Ali S, Minchey S, Janoff A, Mayhew E
The Liposome Company, Inc., One Research Way, Princeton, NJ 08540, USA.
Biophys J. 2000 Jan;78(1):246-56. doi: 10.1016/S0006-3495(00)76588-X.
High sensitivity differential scanning calorimetry (DSC) was used to investigate the thermotropic phase properties of binary mixtures of disaturated phosphocholines (PCs) and alpha-bromoacyl taxane derivatives. The alpha-bromoacyl taxanes were synthesized as hydrolyzable hydrophobic prodrugs of paclitaxel. The PCs used were 1, 2-dimyristoyl-sn-glycero-3-phosphatidyl-choline (DMPC), 1, 2-dipalmitoyl-sn-glycero-3-phosphatidylcholine (DPPC) and 1, 2-distearoyl-sn-glycero-3-phosphatidylcholine (DSPC). The bromoacyl chain lengths of the taxane prodrugs were varied from 6 to 12 or 16 carbons. For comparison, paclitaxel and PC mixtures were also examined. DSC data from DPPC and bromoacyl taxane mixtures showed a complete abolition of the pretransition and significant broadening of the main phase transition with increasing amounts of bromoacyl taxane prodrugs. The effects were more pronounced with the long-chain compared to the short-chain prodrugs. Under equivalent DSC conditions, the short-chain DMPC showed greater changes in thermotropic phase behavior than with DPPC on taxane addition, suggesting an enhanced degree of association with the fluid-type bilayers. Under similar conditions, the long-chain DSPC bilayers showed a far less significant change in phase behavior on taxane addition than DPPC. These changes were also chain length-dependent for both the PCs and the taxane prodrugs. In contrast, PC and paclitaxel (lacking the acyl chain) mixtures under similar conditions showed insignificant changes in the endotherms, suggesting only slight insertion of the molecule into the PC bilayers. From the DSC data it is apparent that taxane prodrugs solvated in DMPC bilayers more than in DPPC and DSPC bilayers, and taxane prodrugs with longer acyl chains were able to associate with PCs better than those with shorter chain prodrugs. DSC data also suggest that paclitaxel was poorly associated with any of the PCs. In general, the amount of taxane association with bilayers decreased in order: DMPC > DPPC >> DSPC. In contrast, the transition enthalpy (DeltaH) of DMPC, DPPC, and DSPC mixtures with paclitaxel showed significantly lower enthalpies than with taxane prodrugs. Taken together, the DSC data suggest that the acyl chains of paclitaxel prodrugs have some access into the bilayers via alignment with the acyl chain of the PC component.

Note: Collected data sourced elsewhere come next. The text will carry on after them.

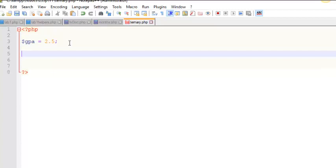I'm going to start off by showing you what a simple if-else would look like and then we'll contrast that with the ternary operator. So what I've got here is a variable called GPA and it's got a value of 2.5 and a simple if-else would look something like this.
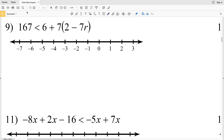In this video we're going to continue the multi-step inequalities worksheet beginning with number 9 and ending with number 16. In the following video, the third video of this worksheet, we'll finish it out.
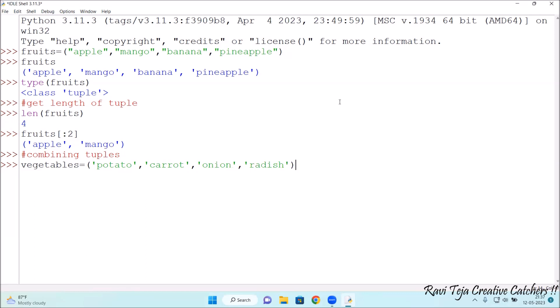I'm taking some more variable like eatables equals fruits plus vegetables. That means we are combining the tuples, simple logic.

采用高灵敏度差示扫描量热法(DSC)研究了二饱和磷酸胆碱(PCs)与α-溴代酰基紫杉烷衍生物二元混合物的热致相性质。α-溴代酰基紫杉烷被合成为紫杉醇的可水解疏水前药。所用的PCs为1,2-二肉豆蔻酰-sn-甘油-3-磷脂酰胆碱(DMPC)、1,2-二棕榈酰-sn-甘油-3-磷脂酰胆碱(DPPC)和1,2-二硬脂酰-sn-甘油-3-磷脂酰胆碱(DSPC)。紫杉烷前药的溴代酰基链长度从6到12或16个碳不等。为作比较,还检测了紫杉醇与PCs的混合物。DPPC与溴代酰基紫杉烷混合物的DSC数据显示,随着溴代酰基紫杉烷前药含量的增加,预转变完全消失,主相变显著变宽。与短链前药相比,长链前药的效果更明显。在相同的DSC条件下,添加紫杉烷后,短链的DMPC在热致相行为上的变化比DPPC更大,表明其与流体型双层膜的缔合程度增强。在类似条件下,添加紫杉烷后,长链DSPC双层膜在相行为上的变化远不如DPPC显著。这些变化对于PCs和紫杉烷前药来说也都依赖于链长。相比之下,在类似条件下,PCs与紫杉醇(不含酰基链)的混合物在吸热方面变化不显著,表明该分子仅轻微插入PC双层膜中。从DSC数据可以明显看出,紫杉烷前药在DMPC双层膜中的溶剂化程度高于在DPPC和DSPC双层膜中的程度,并且酰基链较长的紫杉烷前药比酰基链较短的前药与PCs的缔合能力更强。DSC数据还表明,紫杉醇与任何一种PCs的缔合都很差。一般来说,紫杉烷与双层膜的缔合量按以下顺序降低:DMPC>DPPC>>DSPC。相比之下,DMPC、DPPC和DSPC与紫杉醇混合物的转变焓(ΔH)显著低于与紫杉烷前药混合物的焓。综合来看,DSC数据表明,紫杉醇前药的酰基链通过与PC组分的酰基链排列,在一定程度上进入了双层膜。